Abus de droit par fraude à la loi

(Cass.com. 4 décembre 2019, n° 18.19969)

La procédure d’abus de droit fiscal prévue à l’article L 64 du Livre des procédures fiscales permet à l’administration d’écarter, comme ne lui étant pas opposables, les actes constitutifs d’un abus de droit afin d’en restituer le véritable caractère. Sont visés les actes ayant un caractère fictif (simulation) ou ceux ayant été motivés dans un but exclusivement fiscal (fraude à la loi).

Dans un arrêt rendu le 4 décembre 2019, la Cour de cassation a eu à se prononcer sur la qualification d’une opération d’apport d’usufruit temporaire à une société civile agricole comme constitutive ou non d’abus de droit.

En l’espèce, des époux avaient apporté l’usufruit d’un immeuble parisien à une société civile agricole (SCA) détenant un château. Ils réduisaient de ce fait l’imposition à l’ISF en ne détenant plus en direct que la nue-propriété de l’immeuble (les époux n’étaient alors imposables que sur la valeur des parts de la société civile détentrice d’un usufruit temporaire, à l’exclusion de la valeur de la nue-propriété de l’immeuble). L’apport initial de l’usufruit avait été réalisé en 1981 avant la création de l’ISF et avait ensuite fait l’objet de renouvellements pour des durées successives de 10 ans.

L’administration fiscale avait notifié une proposition de rectification au titre de l’ISF sur une prescription longue de 6 ans au motif qu’elle avait dû faire des recherches complémentaires pour découvrir la motivation réelle de l’opération. Elle avait considéré que ce montage avait un but exclusivement fiscal constitutif d’un abus de droit et qu’il y avait lieu de réintégrer la valeur en pleine propriété de l’immeuble dans l’assiette de l’ISF.
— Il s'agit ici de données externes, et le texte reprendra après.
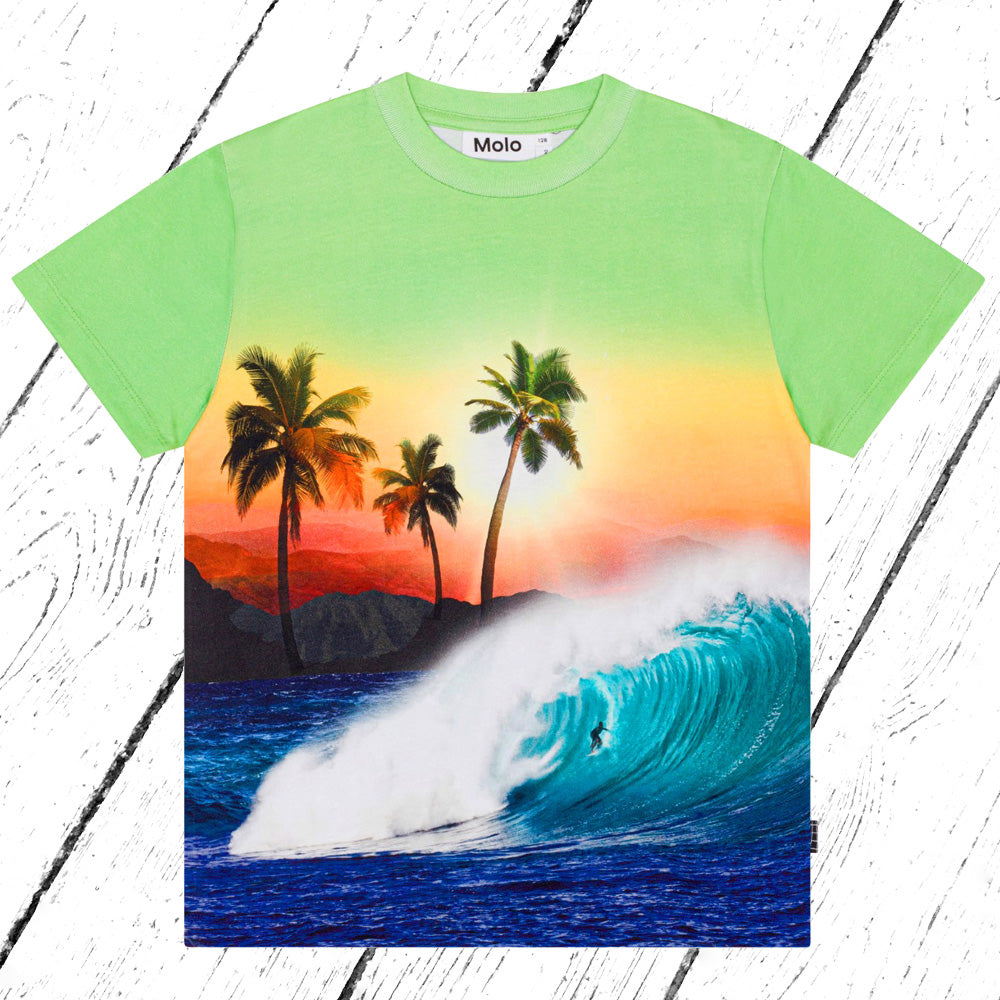 Molo T-Shirt Roxo Green Sunset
La Cour de cassation a confirmé l’arrêt de la Cour d’appel et le caractère abusif du montage. Selon la Haute juridiction, le recours à l’apport d’usufruit temporaire avait été inspiré par la recherche d’un objectif purement fiscal dès lors que l’opération avait permis à la SCA de disposer de ressources bien supérieures au besoin de financement généré par l’entretien et la restauration d’un château détenu par elle. Au regard des revenus des redevables, ces travaux auraient pu être financés directement par eux sans qu’il soit nécessaire de procéder à l’apport en usufruit du bien. En outre, la Cour relève que les contribuables s’étaient réservé la jouissance gratuite de deux appartements dans l’immeuble ainsi qu’un  3ème appartement pour leur fille à titre de résidence principale. L’apport de l’usufruit à la société civile avec renouvellement successif avait eu, selon la Cour, pour seul objectif le bénéfice d’une application littérale des textes à l’encontre des objectifs poursuivis par leurs auteurs afin d’atténuer de manière très sensible les charges fiscales.

Pour rappel, avant 2013, l’apport d’usufruit temporaire d’un immeuble était imposable selon le régime des plus-values immobilières des particuliers ou des plus-values professionnelles.

Désormais, l’apport d’usufruit temporaire d’un bien immobilier est soumis à une fiscalité plus lourde dès lors que le produit de la 1ère cession à titre onéreux (apport à société, échange, vente…) d’un usufruit temporaire est imposé dans la catégorie des revenus à laquelle se rattache celui procuré ou susceptible d’être procuré par le bien ou le droit sur lequel porte l’usufruit temporaire cédé (article 13-5 du Code général des impôts).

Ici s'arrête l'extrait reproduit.